Rien de surprenant à ce que les organisations s'adressent à Securex en tant que fournisseur de services RH pour améliorer leur politique de rétention du personnel. Comment pouvons-nous nous assurer que nos meilleurs employés ne quittent pas le navire en période de turbulences ? Que faire pour garder nos talents à bord ?

Je commence toujours par leur dire que la politique de rétention est un résultat, jamais une fin en soi. Les raisons qui poussent les employés à rester ou à quitter l'entreprise sont le fruit d'une bonne - ou d'une mauvaise - politique RH. Il s'agit d'une interaction complexe entre différents facteurs qui se renforcent mutuellement. La recherche scientifique (Rubinstein et al., 2018) montre qu'aucun facteur en soi ne pèse véritablement dans leur décision. Cependant, il est clair que la relation avec le supérieur direct, l'entente avec les collègues et les avantages non financiers jouent un rôle important. L'argent ne s'avère pas être le principal moteur.

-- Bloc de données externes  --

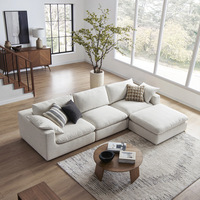 Ensemble de canapés modulaires sectionnels en tissu compressé sous vide, design moderne et luxueux pour hôtel et villa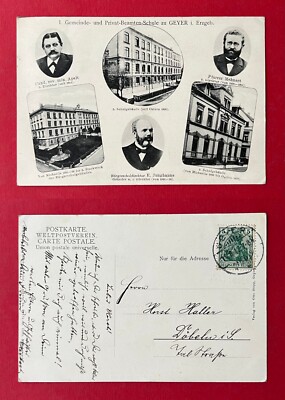 Postcard Geyer in the Erzgebirge 1912 I. community and private officials school (137194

Mais les entreprises doivent-elles faire grand cas de leur taux de rétention ? Par nature, le Belge n'est pas sensible à la rotation en termes d'emploi, surtout lorsqu'un contrat à durée indéterminée le lie à son employeur à l'instar de 90% des travailleurs de notre pays. Seulement 6% de ce groupe changent d'entreprise chaque année. En revanche, l'intention est bien plus élevée que la rotation réelle du personnel.

Le meilleur recrutement ? La fidélisation des talents internes

Par ailleurs, les entreprises ne doivent pas tout miser sur la fidélisation de leurs hauts potentiels. Selon le psychologue argentin Tomas Chamorro-Premuzic, 80% de la valeur ajoutée d'une organisation sont le résultat de 20% de ses collaborateurs. Ces derniers ne sont pas tous étiquetés high potential mais représentent souvent de bons éléments au sein de l'organisation. Ils se différencient de leurs collègues en s'investissant au quotidien pour la rentabilité, le chiffre d'affaires et la satisfaction des clients. Ils prennent à la fois des initiatives et des risques, affrontent les difficultés et ne rechignent pas à fournir un effort supplémentaire. Vous voulez les garder. Vous les avez identifiés ? Que faites-vous pour eux ?

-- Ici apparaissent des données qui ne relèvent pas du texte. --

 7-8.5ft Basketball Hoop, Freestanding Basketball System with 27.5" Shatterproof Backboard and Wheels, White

Le coût de remplacement de ces collaborateurs dépasse souvent la somme des frais directs et indirects. Leur démission n'a pas seulement un impact sur les autres membres de l'équipe - les départs volontaires sont contagieux - mais elle peut également engendrer une perte de clients. De plus, trouver un remplaçant qualifié sur un marché du travail tendu n'est pas une sinécure.

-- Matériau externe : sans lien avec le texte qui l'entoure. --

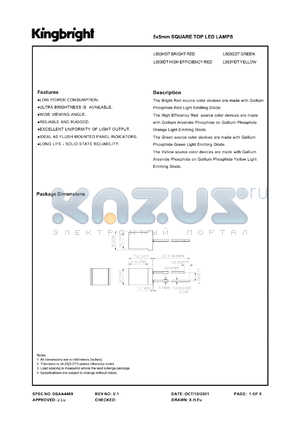 L503YDT datasheet - 5 x 5 mm square top LED lamp. Yellow. Lens type yellow diffused.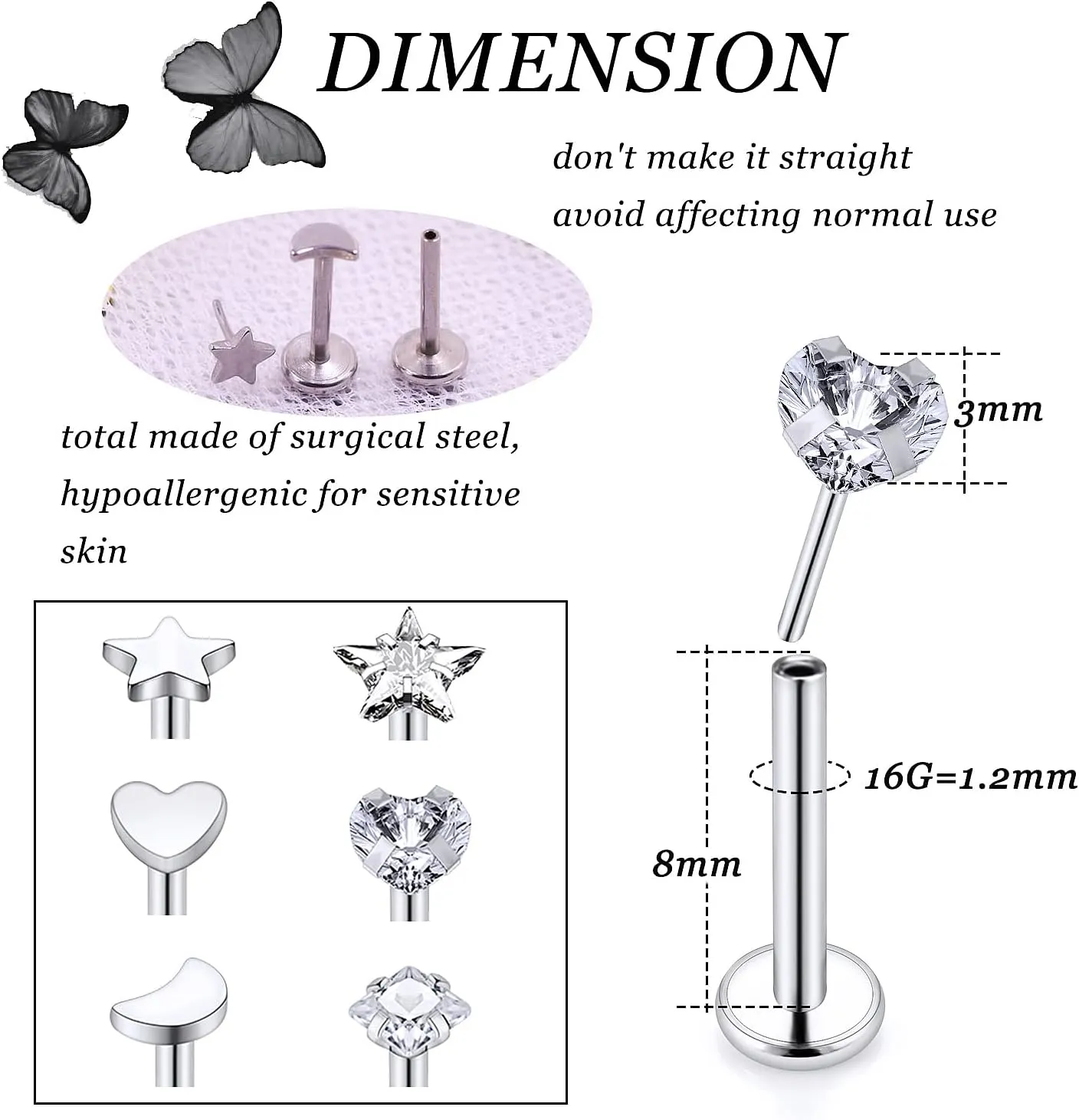 Vsnnsns 16G 18G 20G Threadless Push in Lip Rings Stainless Steel Flat Back Nose Rings Studs Earrings Tragus Helix Conch Cartilage Lobe Earrings Stud Piercing Jewelry for Women Men 6 Pairs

Le meilleur recrutement pour le reste de l'année 2019 pourrait bien être la fidélisation des talents internes, ainsi que la rétention, qui est souvent liée au respect du contrat psychologique, à la clarté et à la transparence sur l'éventail des tâches et la rémunération. En outre, la décision d'un employé de rester ou de quitter l'entreprise dépend avant tout des compétences de son supérieur direct. Investir dans ce dernier peut rapporter plus à l'employeur qu'il ne l'imagine.